Lo scopo è di utilizzare i meccanismi del libero mercato per incentivare determinati processi produttivi dell’energia, evitando un intervento diretto dello Stato, ma si manifestarono alcune distorsioni, vanificando in parte lo scopo primario di riduzione dei gas-serra. Infatti a causa della normativa italiana che concedeva questi sussidi anche alle fonti cosiddette ''assimilate alle rinnovabili'' (definizione tutta italiana e senza riscontri in Europa) parte dei fondi erano andati a fonti tutt'altro che rinnovabili e molto inquinanti quali la combustione di scorie di raffineria, sanse ed all'incenerimento dei rifiuti. Ci si ritrovò nella situazione paradossale in cui, scarti di raffineria, per il cui smaltimento in tutto il mondo i produttori erano costretti ad accollarsi dei costi, in Italia potevano essere bruciati e ricevere anche dei finanziamenti.
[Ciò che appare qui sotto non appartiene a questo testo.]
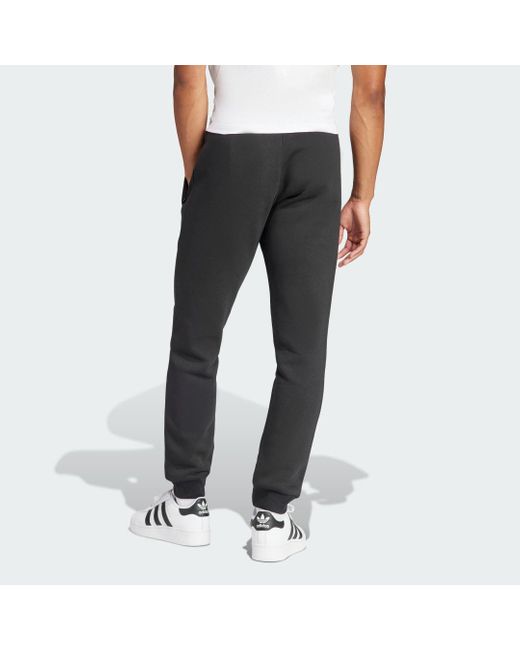 Adidas Black Trefoil Essentials Joggers for men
Successivamente un secondo decreto Bersani ha corretto questo errore eliminando le "assimilate" e mantenendo unicamente il termine "rinnovabili".
 
L'incentivazione, se diventa eccessiva – ad esempio perché nel frattempo il costo della tecnologia cala molto – può provocare altre distorsioni, ad esempio nel caso dell'eolico.